And I saw, as it were, a sea of glass mingled with fire,.... Not baptism, but rather the blood of Christ, which may be compared to a sea, for its abundant virtue and efficacy in cleansing from all sin; and to a sea "of glass", since in it are clearly seen free justification, full pardon, peace and reconciliation; and may be said to be "mingled with fire", being attended in the application of it with the Spirit of God, whose gifts and graces are sometimes signified by fire: and so, according to others, this sea may represent the pure church of God, as washed in the blood of the Lamb; compared to a sea for the multitude of which it consists, and to a sea of glass, because of the transparency and clearness of its principles and practices, and may be said to be mingled with the fire of love and zeal: most interpreters understand it of the world, which is like a sea for the multitude of its inhabitants; and sometimes to a troubled one, because of the restlessness and disquietude of the wicked in it; but here it is like a sea of glass, for the quiet, and peace, and rest it shall be in at this time; though it is commonly said to be like such a sea, partly because all things are manifest, and open to an omniscient God; and partly because of its outward splendour, and the brittleness, frailty, and transitoriness of it; and to be mixed with fire, either because of the light of the Gospel, and the operation of the Spirit in the hearts of some that are in it, or because of the afflictions and persecutions the saints in it; though it seems best of all to understand it of the Gospel, as in See Gill on Rev 4:6; and which may be said to be mingled with fire, either because of the powerful and clear demonstration of the Spirit that attends it to the minds of many, or that heat of persecution which is raised by it; see Luk 12:49 or rather it denotes the purity of the Gospel in those times, its general spread, and the great zeal and fervour of the professors of it, since persecution will now be at an end.

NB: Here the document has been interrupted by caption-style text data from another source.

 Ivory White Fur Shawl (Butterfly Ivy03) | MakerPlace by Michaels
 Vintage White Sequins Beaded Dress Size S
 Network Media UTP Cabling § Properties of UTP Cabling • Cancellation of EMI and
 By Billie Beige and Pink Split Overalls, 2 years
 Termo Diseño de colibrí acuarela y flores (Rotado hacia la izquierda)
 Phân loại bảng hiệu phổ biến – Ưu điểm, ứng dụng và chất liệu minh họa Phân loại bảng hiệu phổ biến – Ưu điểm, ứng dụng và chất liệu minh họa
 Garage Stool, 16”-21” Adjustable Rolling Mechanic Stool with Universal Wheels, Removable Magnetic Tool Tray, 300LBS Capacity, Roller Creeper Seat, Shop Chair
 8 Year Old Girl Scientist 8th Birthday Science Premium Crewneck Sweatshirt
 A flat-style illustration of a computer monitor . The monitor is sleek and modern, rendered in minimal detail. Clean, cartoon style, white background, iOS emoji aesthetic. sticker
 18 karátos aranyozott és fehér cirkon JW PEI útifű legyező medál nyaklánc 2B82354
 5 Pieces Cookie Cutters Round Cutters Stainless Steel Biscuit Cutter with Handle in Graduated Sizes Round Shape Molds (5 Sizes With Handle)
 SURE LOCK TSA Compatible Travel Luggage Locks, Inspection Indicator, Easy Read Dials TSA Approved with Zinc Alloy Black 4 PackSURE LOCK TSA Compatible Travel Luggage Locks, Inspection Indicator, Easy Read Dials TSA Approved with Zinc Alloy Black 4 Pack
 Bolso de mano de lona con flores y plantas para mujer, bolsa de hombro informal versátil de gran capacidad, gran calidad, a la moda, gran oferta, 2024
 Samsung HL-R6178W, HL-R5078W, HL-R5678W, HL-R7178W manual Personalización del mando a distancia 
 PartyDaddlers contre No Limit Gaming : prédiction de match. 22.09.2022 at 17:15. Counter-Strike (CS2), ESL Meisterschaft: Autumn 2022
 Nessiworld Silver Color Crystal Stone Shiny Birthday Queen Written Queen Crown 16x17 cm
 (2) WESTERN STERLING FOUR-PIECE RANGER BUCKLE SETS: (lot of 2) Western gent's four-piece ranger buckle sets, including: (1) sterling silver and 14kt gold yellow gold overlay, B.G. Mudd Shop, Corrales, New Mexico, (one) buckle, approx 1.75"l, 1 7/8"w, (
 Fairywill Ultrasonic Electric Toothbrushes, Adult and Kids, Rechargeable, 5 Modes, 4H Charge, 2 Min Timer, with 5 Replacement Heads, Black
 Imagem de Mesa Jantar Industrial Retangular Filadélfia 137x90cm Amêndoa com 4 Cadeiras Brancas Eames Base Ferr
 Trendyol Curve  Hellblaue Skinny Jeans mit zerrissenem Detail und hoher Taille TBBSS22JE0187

And them that had gotten the victory over the beast; over antichrist, signified the beast, that rose up out of the sea, and out of the earth, Rev 13:1 and which are the same, and were but one, though in different forms, as from hence appears: the beast first overcame the saints, by slaying of them; and they overcame him by the blood of the Lamb, and by the word of their testimony, by preaching and professing the Gospel, by their close and constant adherence to it, and by dying for it:

and over his image; caused by him to be made to the first beast; and is no other than the Popish religion, which bears a resemblance to Paganism; and which the saints may be said to get the victory over, by standing out against it, opposing and refuting it, not giving into it, but bearing their testimony against it:

and over his mark; refusing to receive it either in their forehead, or in their right hand; that is, either to swear allegiance to him, or profess his religion. This clause is wanting in the Alexandrian copy, Vulgate Latin, Syriac. Arabic, and Ethiopic versions:

and over the number his name; that is, they would not own his supremacy and authority, nor embrace his doctrines, nor obey his orders, nor be reckoned his followers in any form or shape; see Rev 13:15. These conquerors John saw

stand on the sea of glass; which, if applied to the blood of Christ, shows that these confessors were purified by it, and were more than conquerors through it; that they were come out of great tribulation, and had washed their garments, and made them white in the blood of the Lamb; and were just come up from the washing, and stood upon, or rather by, or "near the sea", as the Arabic version renders it, in allusion to the priests at the molten sea, in the temple: but if the world is meant by the sea, their standing upon it designs their victory and triumph over it by faith, their having it under their feet, and their contempt of it; but rather, since the Gospel is intended, it may denote their solid standing upon the doctrines of it, the foundation of the apostles and prophets, and their steadfast continuance in them, and faithful abiding by them, whereby they got the victory over antichrist:

having the harps of God: their hearts in an excellent frame, tuned and disposed by God, to sing his praise, and set forth his glory; having them filled with spiritual joy and gladness, and with great thankfulness, on account of their victory, the happy state of Christ's church, and the destruction of its enemies: the allusion is to the people of Israel, Moses and the men, and Miriam and the women with timbrels and dances standing on the sea shore, when the Egyptians were destroyed, singing the praises of God; as is still more manifest from the following verse.

Revelation 15:3

rev 15:3

And they sing the song of Moses the servant of God,.... Not that in Deu 32:1 but that in Exo 15:1 and the sense is, either that they observed the law of Moses, which he as a servant in the Lord's house faithfully delivered, and kept it distinct from the Gospel, and did not blend them together, as in the times before; or rather, that they sung a song like that of Moses, and on a like occasion. Pharaoh was the very picture of the pope of Rome; his oppression and cruel usage of the Israelites represent the tyranny and cruelty of the Romish antichrist; and the deliverance of Israel out of Egypt, and the destruction of the Egyptians at the Red sea, which occasioned the song of Moses, were an emblem of God's bringing his people out of antichristian bondage, and of the ruin of antichrist, upon which this song is sung; and Rome, in this book, is called Egypt, Rev 11:8. The Jews have a notion, that the very song of Moses itself will be sung in the world to come, in the days of the Messiah; for they say, there are in it the times of the Messiah, and of Gog and Magog, and of the resurrection of the dead, and the world to come (l). And this song was sung by the Levites in the daily service (m).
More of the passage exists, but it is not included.